The plugin does **not** manage model installation. Call `FlutterGemma.installModel()` (and `FlutterGemma.installEmbedder()` for embeddings) before using the plugin. See [Getting Started](/docs/getting-started).

genkit_hybrid#

Provider-agnostic hybrid routing for Genkit. Combine any two existing Genkit models — on-device, cloud, or anything else — behind one routing policy. The result is an ordinary Model, so your app still calls a single ai.generate.
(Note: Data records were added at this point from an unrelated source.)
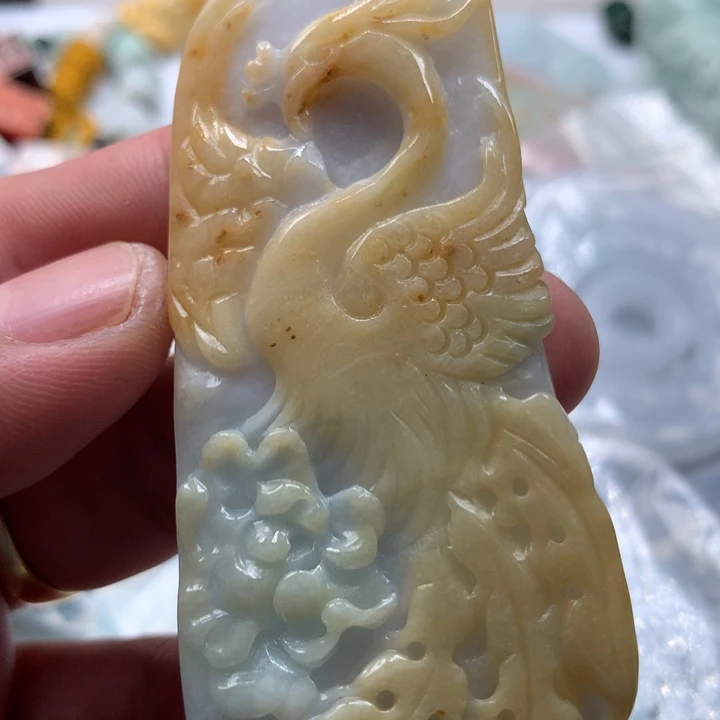 颈饰未镶嵌翡翠保真天然a货翡翠
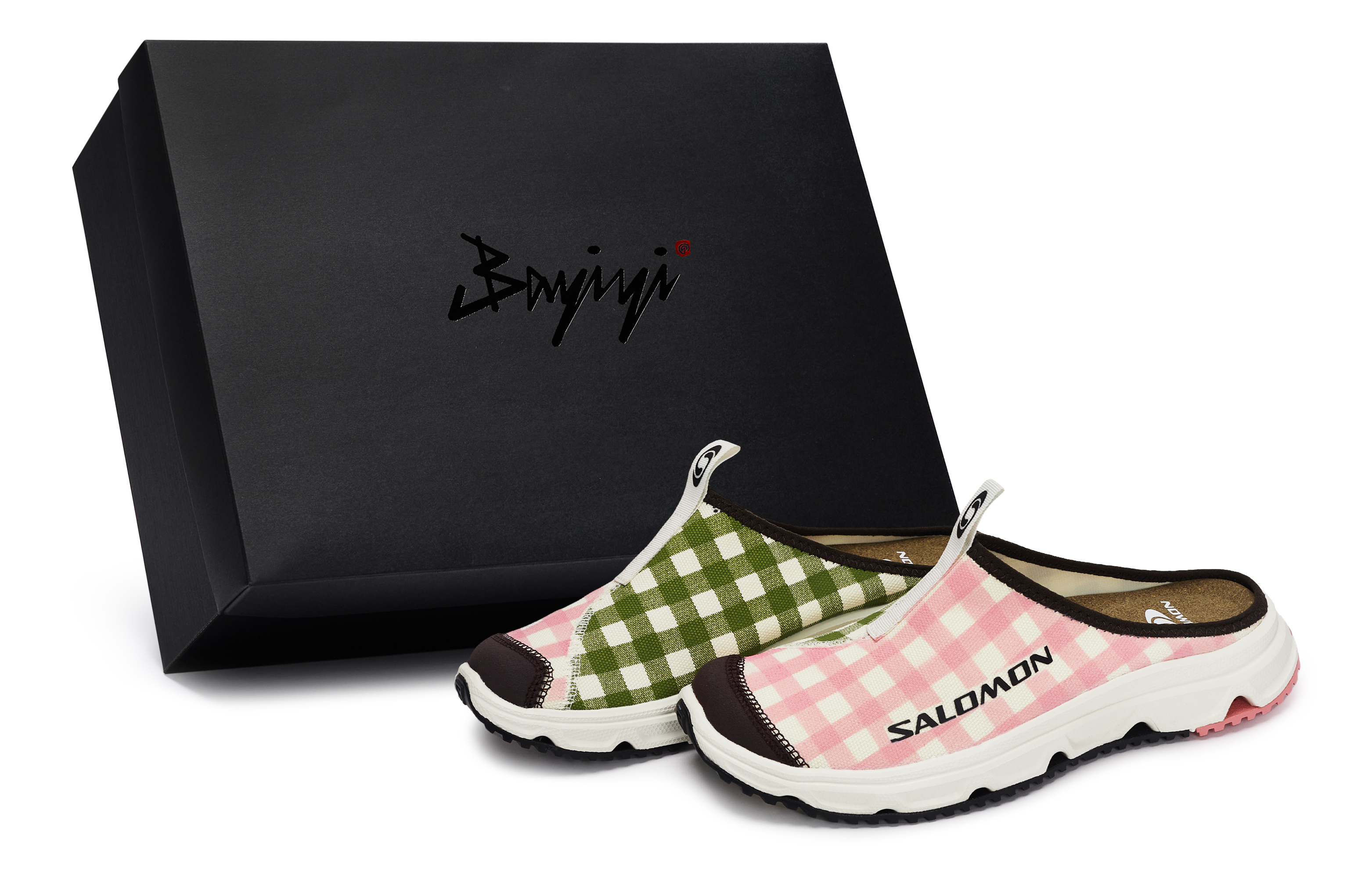 SALOMON Сандалии RX Slide 3.0 без специальных функций, с закрытым носком, унисекс, бежевые, розовые, зеленые, коричневые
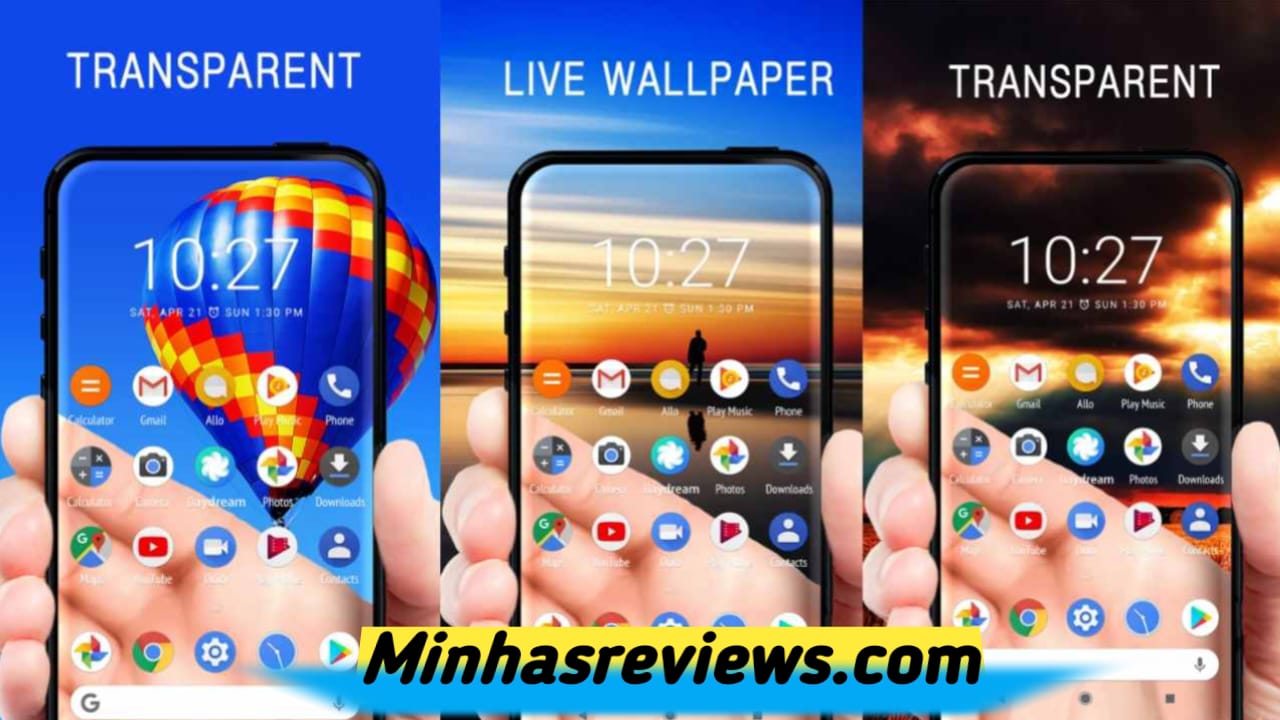 Transparent Wallpaper app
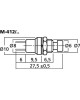 MONACOR  M-412/BL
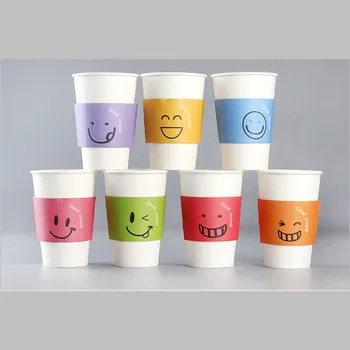 50pcs Thicken disposable coffee cup 400ml 500ml white milk tea cold hot drink paper cups with cover and kraft paper sleeves
50pcs Thicken disposable coffee cup 400ml 500ml white milk tea cold hot drink paper cups with cover and kraft paper sleeves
genkit_hybrid depends only on genkit — it has no dependency on flutter_gemma and works with any pair of Genkit models.

Add to pubspec.yaml#

dependencies:
  genkit_hybrid: ^0.1.0
  genkit: ^0.14.0

Basic usage#

import 'package:genkit/genkit.dart';
import 'package:genkit_hybrid/genkit_hybrid.dart';

final ai = Genkit();

// onDeviceModel and cloudModel are ordinary Genkit Models you already have.
final smart = hybridModelOnDeviceCloud(
  onDevice: onDeviceModel,
  cloud: cloudModel,
  strategy: ConnectivityStrategy(
    isOnline: () => connectivity.isOnline,
    online: kCloud,
    offline: kOnDevice,
  ),
);

// A hybrid model is an ordinary Model — register it, then use it like any other.
ai.registry.register(smart);

final response = await ai.generate(model: smart, prompt: 'Hello!');

Routing strategies#

Strategy	Routes on
`PreRoutingStrategy(fn)`	your own function (privacy, cost, user tier…)
`FallbackStrategy(order)`	fixed priority order — `kOnDevice` first or `kCloud` first
`ConnectivityStrategy(...)`	network availability
`InputSizeStrategy(...)`	prompt length
`FirstMatch([...])`	first child strategy that decides (chain of rules)
`WithFallback(s, fallbackOrder: order)`	any strategy's pick + a guaranteed fallback tail

Prefer on-device, fall back to cloud#

hybridModelOnDeviceCloud(
  onDevice: onDeviceModel,
  cloud: cloudModel,
  strategy: FallbackStrategy([kOnDevice, kCloud]),
);

Chain multiple rules#

hybridModelOnDeviceCloud(
  onDevice: onDeviceModel,
  cloud: cloudModel,
  strategy: WithFallback(
    FirstMatch([
      PreRoutingStrategy((c) => userOptedOutOfCloud ? kOnDevice : ''),
      ConnectivityStrategy(
        isOnline: () => net.isOnline,
        online: kCloud,
        offline: kOnDevice,
      ),
    ]),
    fallbackOrder: [kOnDevice],
  ),
);

Streaming and fallback#

Fallback during streaming happens only before the first token. If a branch fails before emitting any output, the next branch is tried transparently. Once the first token has streamed, a later failure propagates as an error — a partially delivered response cannot be silently re-routed.

`genkit_hybrid` works with **any** Genkit models, not just flutter_gemma. You can combine `gemini-1.5-flash` (cloud) with a local Ollama model, or any other pair that Genkit supports.